» **Given information**
========================================

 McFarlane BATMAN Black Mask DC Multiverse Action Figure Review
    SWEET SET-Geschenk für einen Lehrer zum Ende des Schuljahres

========================================

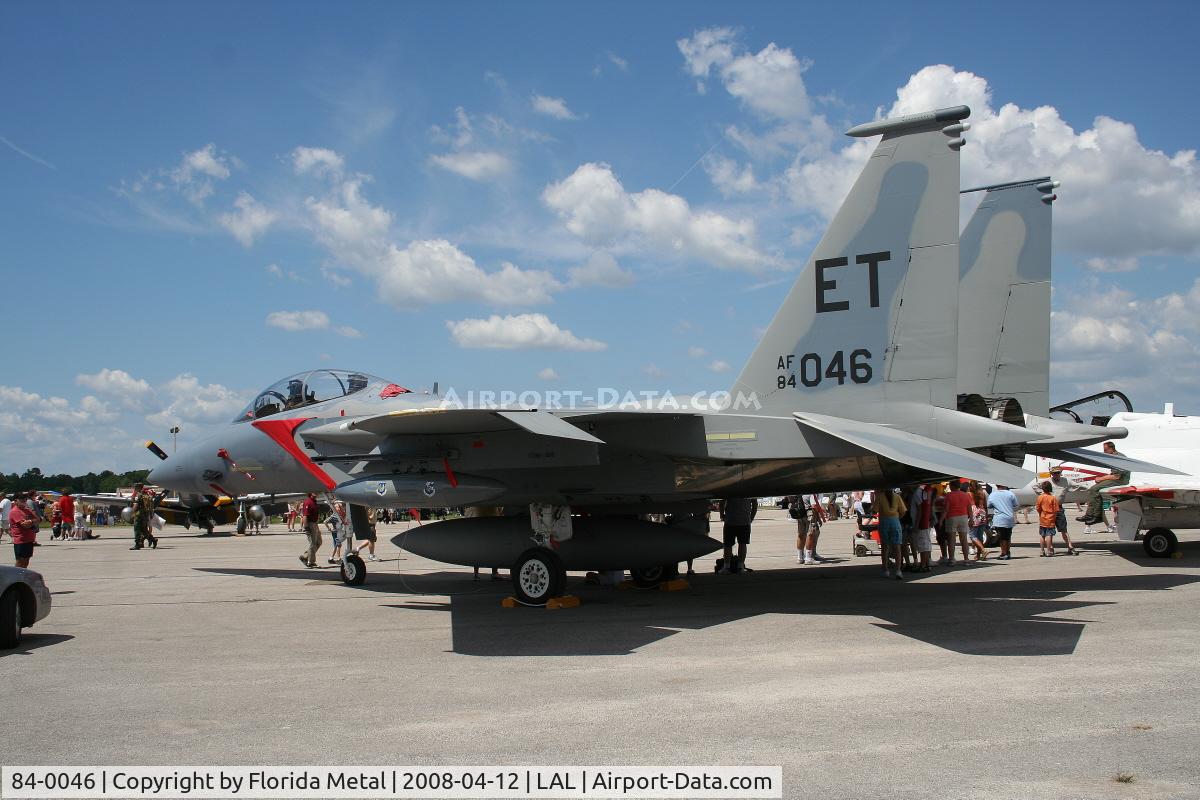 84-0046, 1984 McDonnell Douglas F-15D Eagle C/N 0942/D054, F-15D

========================================

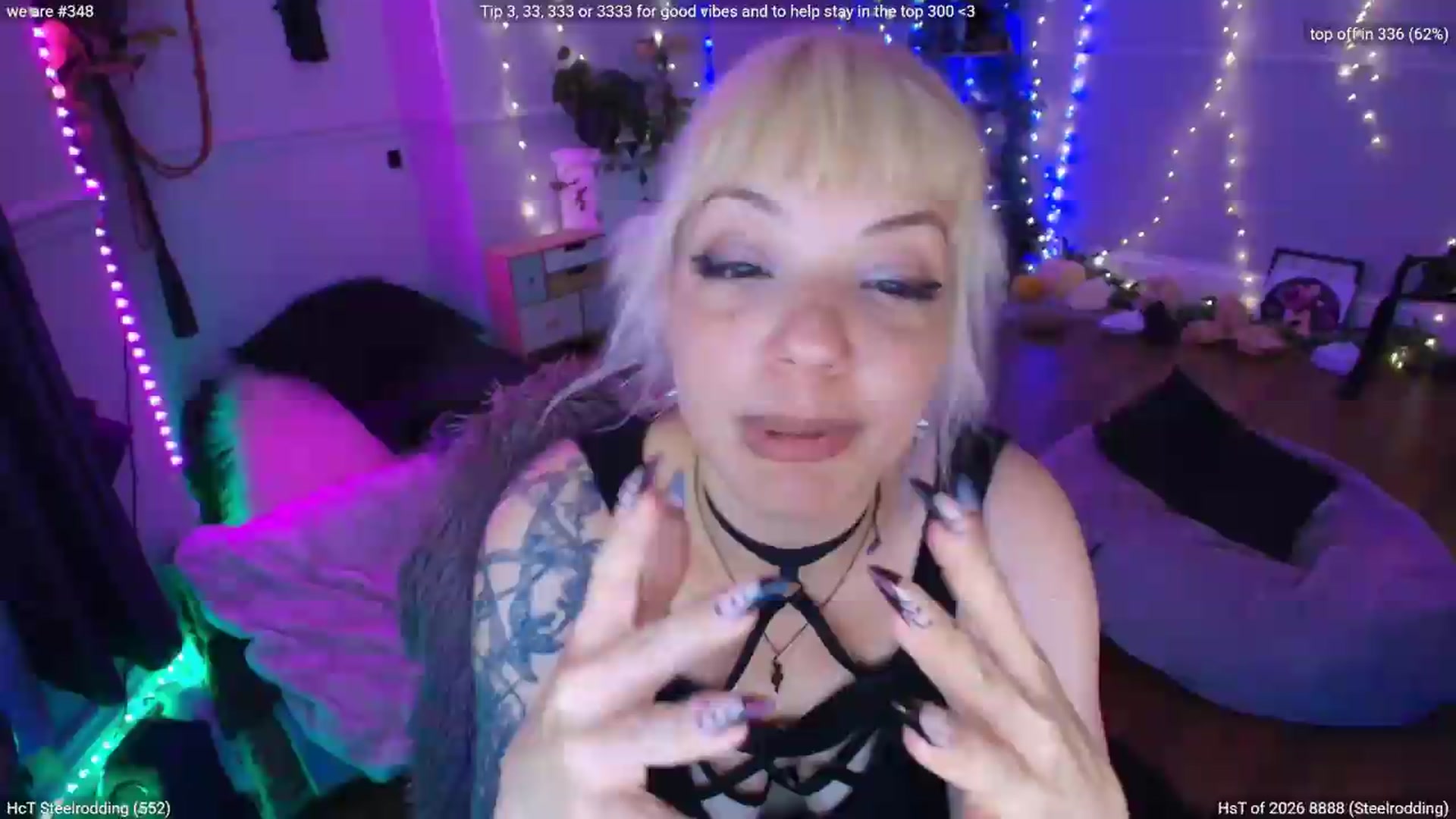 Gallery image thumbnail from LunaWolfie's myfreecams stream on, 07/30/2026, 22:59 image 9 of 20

========================================

» **Goal of the exercise**
Take the lines above from the one containing "McFarlane BATMAN Black" down to the one containing "SWEET SET-Geschenk für", and transcribe them exactly, both ends included.

» **Expected output**
 McFarlane BATMAN Black Mask DC Multiverse Action Figure Review
    SWEET SET-Geschenk für einen Lehrer zum Ende des Schuljahres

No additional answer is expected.